- [To do]: The full set of entries needs to be reproduced exactly.

(Collected data entries)
· · · ·

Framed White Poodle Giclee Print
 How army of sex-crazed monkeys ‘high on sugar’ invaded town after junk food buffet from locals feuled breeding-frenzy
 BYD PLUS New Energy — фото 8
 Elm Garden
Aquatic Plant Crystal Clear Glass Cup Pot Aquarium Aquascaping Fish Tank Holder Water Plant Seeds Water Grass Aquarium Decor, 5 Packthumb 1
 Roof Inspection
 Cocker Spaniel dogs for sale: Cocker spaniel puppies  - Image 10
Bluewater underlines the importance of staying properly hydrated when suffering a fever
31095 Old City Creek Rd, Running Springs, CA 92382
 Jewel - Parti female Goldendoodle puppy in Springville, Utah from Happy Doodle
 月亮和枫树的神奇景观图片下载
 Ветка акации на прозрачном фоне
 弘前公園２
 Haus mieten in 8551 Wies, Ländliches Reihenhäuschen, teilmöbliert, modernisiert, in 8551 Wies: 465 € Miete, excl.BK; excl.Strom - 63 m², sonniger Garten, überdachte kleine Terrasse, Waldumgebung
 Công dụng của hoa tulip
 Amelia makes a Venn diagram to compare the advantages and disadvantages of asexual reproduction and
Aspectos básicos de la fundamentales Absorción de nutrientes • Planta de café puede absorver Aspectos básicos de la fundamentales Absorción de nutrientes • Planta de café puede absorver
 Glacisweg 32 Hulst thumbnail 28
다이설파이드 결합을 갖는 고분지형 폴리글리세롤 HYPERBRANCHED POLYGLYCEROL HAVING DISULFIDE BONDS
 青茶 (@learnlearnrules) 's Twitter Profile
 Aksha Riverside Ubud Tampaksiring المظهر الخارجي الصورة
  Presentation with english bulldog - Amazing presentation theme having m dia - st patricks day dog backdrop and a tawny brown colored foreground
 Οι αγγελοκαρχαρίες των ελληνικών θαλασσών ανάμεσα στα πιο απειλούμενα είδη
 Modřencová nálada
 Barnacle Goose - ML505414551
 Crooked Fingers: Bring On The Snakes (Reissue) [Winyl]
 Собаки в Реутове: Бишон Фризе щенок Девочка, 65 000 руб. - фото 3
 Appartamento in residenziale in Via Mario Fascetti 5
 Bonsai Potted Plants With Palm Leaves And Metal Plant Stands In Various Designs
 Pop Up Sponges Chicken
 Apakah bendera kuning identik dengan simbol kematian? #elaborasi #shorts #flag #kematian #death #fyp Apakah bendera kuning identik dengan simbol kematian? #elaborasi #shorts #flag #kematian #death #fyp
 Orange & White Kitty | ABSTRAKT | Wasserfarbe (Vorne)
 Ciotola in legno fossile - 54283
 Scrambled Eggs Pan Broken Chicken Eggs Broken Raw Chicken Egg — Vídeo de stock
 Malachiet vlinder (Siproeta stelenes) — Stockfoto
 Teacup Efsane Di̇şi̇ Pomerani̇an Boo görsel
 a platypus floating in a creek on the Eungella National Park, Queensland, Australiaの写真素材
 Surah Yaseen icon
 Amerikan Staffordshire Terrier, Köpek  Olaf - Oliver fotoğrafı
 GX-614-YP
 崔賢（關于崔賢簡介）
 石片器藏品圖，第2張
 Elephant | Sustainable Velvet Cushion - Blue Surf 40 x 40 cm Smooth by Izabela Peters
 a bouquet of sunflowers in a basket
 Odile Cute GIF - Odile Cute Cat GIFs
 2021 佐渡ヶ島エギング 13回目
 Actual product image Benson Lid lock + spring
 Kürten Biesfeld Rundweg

· · · ·

- [Exercise solution]:
Framed White Poodle Giclee Print
 How army of sex-crazed monkeys ‘high on sugar’ invaded town after junk food buffet from locals feuled breeding-frenzy
 BYD PLUS New Energy — фото 8
 Elm Garden
Aquatic Plant Crystal Clear Glass Cup Pot Aquarium Aquascaping Fish Tank Holder Water Plant Seeds Water Grass Aquarium Decor, 5 Packthumb 1
 Roof Inspection
 Cocker Spaniel dogs for sale: Cocker spaniel puppies  - Image 10
Bluewater underlines the importance of staying properly hydrated when suffering a fever
31095 Old City Creek Rd, Running Springs, CA 92382
 Jewel - Parti female Goldendoodle puppy in Springville, Utah from Happy Doodle
 月亮和枫树的神奇景观图片下载
 Ветка акации на прозрачном фоне
 弘前公園２
 Haus mieten in 8551 Wies, Ländliches Reihenhäuschen, teilmöbliert, modernisiert, in 8551 Wies: 465 € Miete, excl.BK; excl.Strom - 63 m², sonniger Garten, überdachte kleine Terrasse, Waldumgebung
 Công dụng của hoa tulip
 Amelia makes a Venn diagram to compare the advantages and disadvantages of asexual reproduction and
Aspectos básicos de la fundamentales Absorción de nutrientes • Planta de café puede absorver Aspectos básicos de la fundamentales Absorción de nutrientes • Planta de café puede absorver
 Glacisweg 32 Hulst thumbnail 28
다이설파이드 결합을 갖는 고분지형 폴리글리세롤 HYPERBRANCHED POLYGLYCEROL HAVING DISULFIDE BONDS
 青茶 (@learnlearnrules) 's Twitter Profile
 Aksha Riverside Ubud Tampaksiring المظهر الخارجي الصورة
  Presentation with english bulldog - Amazing presentation theme having m dia - st patricks day dog backdrop and a tawny brown colored foreground
 Οι αγγελοκαρχαρίες των ελληνικών θαλασσών ανάμεσα στα πιο απειλούμενα είδη
 Modřencová nálada
 Barnacle Goose - ML505414551
 Crooked Fingers: Bring On The Snakes (Reissue) [Winyl]
 Собаки в Реутове: Бишон Фризе щенок Девочка, 65 000 руб. - фото 3
 Appartamento in residenziale in Via Mario Fascetti 5
 Bonsai Potted Plants With Palm Leaves And Metal Plant Stands In Various Designs
 Pop Up Sponges Chicken
 Apakah bendera kuning identik dengan simbol kematian? #elaborasi #shorts #flag #kematian #death #fyp Apakah bendera kuning identik dengan simbol kematian? #elaborasi #shorts #flag #kematian #death #fyp
 Orange & White Kitty | ABSTRAKT | Wasserfarbe (Vorne)
 Ciotola in legno fossile - 54283
 Scrambled Eggs Pan Broken Chicken Eggs Broken Raw Chicken Egg — Vídeo de stock
 Malachiet vlinder (Siproeta stelenes) — Stockfoto
 Teacup Efsane Di̇şi̇ Pomerani̇an Boo görsel
 a platypus floating in a creek on the Eungella National Park, Queensland, Australiaの写真素材
 Surah Yaseen icon
 Amerikan Staffordshire Terrier, Köpek  Olaf - Oliver fotoğrafı
 GX-614-YP
 崔賢（關于崔賢簡介）
 石片器藏品圖，第2張
 Elephant | Sustainable Velvet Cushion - Blue Surf 40 x 40 cm Smooth by Izabela Peters
 a bouquet of sunflowers in a basket
 Odile Cute GIF - Odile Cute Cat GIFs
 2021 佐渡ヶ島エギング 13回目
 Actual product image Benson Lid lock + spring
 Kürten Biesfeld Rundweg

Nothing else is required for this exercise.